Burnunu çekerek, sigarasını içerek bacaklarını sallayan çocuğa baktı. "Niye içeride değilsin?" dediğinde Jisung omuzlarını silkmişti. "Herkes birbiriyle yiyişiyor, yalnız kaldım." Minho kafasını sallayarak önüne dönerken Jisung iç çekiyordu.

"Sen hep böyle sessiz misin ya?" dediğinde Minho burnunu çekti. "Konuşacak bir konu yoksa konuşmama da gerek yoktur, aslında şu anda konu var ama haddim değil diye susuyorum." dediğinde Jisung kaşlarını çatmıştı. "Konu neymiş?" dediğinde Minho gülmüştü. "Felix ve Changbin'i kıskanıyor olman, sanırım Changbin'den hoşlanıyordun.." Jisung gözlerini büyürtürken minho omuzlarını silkmişti, "Ya da sadece ilişkilerini kıskanıyor olabilirsin." Jisung yeniden iç çekerken, ayaklarını sallamaya başlamıştı.
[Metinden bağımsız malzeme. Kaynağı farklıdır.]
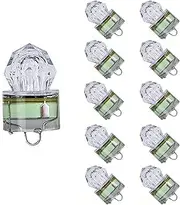LED Fishing Light Underwater Deep Drop Lights Waterproof Diamond Tubular Underwater Fishing Lure Light Attractants for Tuna Swordfish, 10 Pack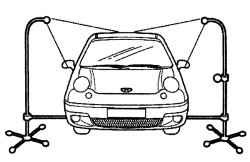 Расположение водяного стенда проверки герметичности по сторонам автомобиля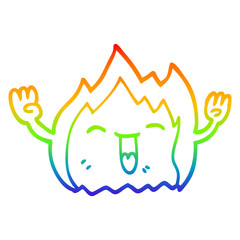 Fototapeta premium rainbow gradient line drawing cartoon happy red flame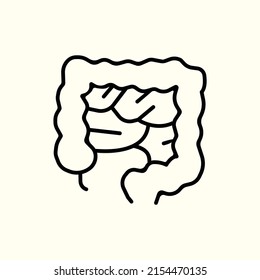 Gut flat line icon. Vector thin pictogram of human internal organ, intestines outline illustration for medical clinic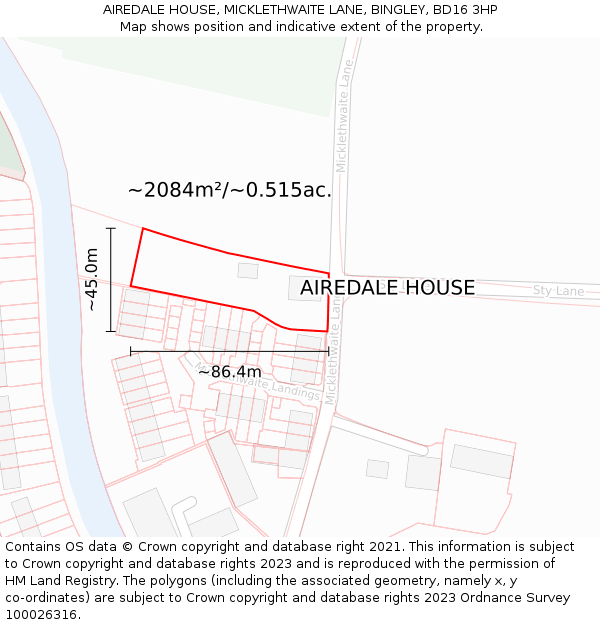 AIREDALE HOUSE, MICKLETHWAITE LANE, BINGLEY, BD16 3HP: Plot and title map
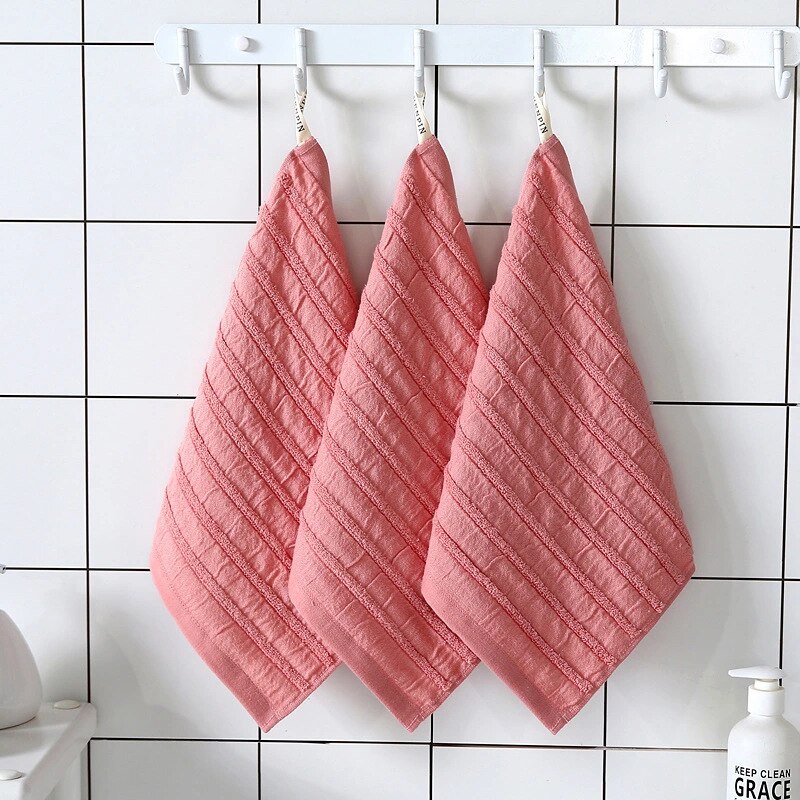 Square Towel Pure Cotton Geometric Printed Thicken Soft Towels Good Water Absorption Plain Dyed Home Bathroom Toalla Cuadrada: Color 1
"Aslında hoşlanıyordum ama yıllar önce. Ona hiç söylemedim o da hiç fark etmedi zaten, ama bir süre sonra yakın arkadaş olunca zamanla benimde hislerim soldu. Yine de zamanında bende fark etmediği şeyleri Felix'te hemen fark etmesi kötü hissettiriyor." Minho kafasını sallamış, "Vay be.." dedikten sonra önüne dönmüştü. "Boşver üniversitedekiler daha iyi sevişiyor zaten." dediğinde Jisung kaşlarını çatmıştı. "Ne alaka amına koyayım?" dediğinde Minho gülmüştü. "Yani diyorum ki, Changbin ile bir ilişkiye başlayıp saçma seksler yaşamaman iyi olmuş, üniversitede daha başarılılarını yaşarsın." Jisung sigarayı yere atarak oturduğu yerden atlamıştı.

"Ya bi siktir git ben gayet bilgiliyim ve gayet de iyi sevişiyorum." demişti Minho tek kaşını kaldırarak ona baktı, "İddiasına var mısın?" dediğinde Jisung gerilemişti. "Üniversiteli biri mi daha iyi sevişir," Jisungu süzerek gülmüş "Yoksa liseden yemi mezun olmuş bir ergen mi?" dediğinde Jisung kaşlarını çattı.

"Sen beni yatağa mı atmaya çalışıyorsun ya?" dediğinde minho omuzlarını silkmiş ve sigarasını atmıştı. "Evet." diyerek elini tuttu.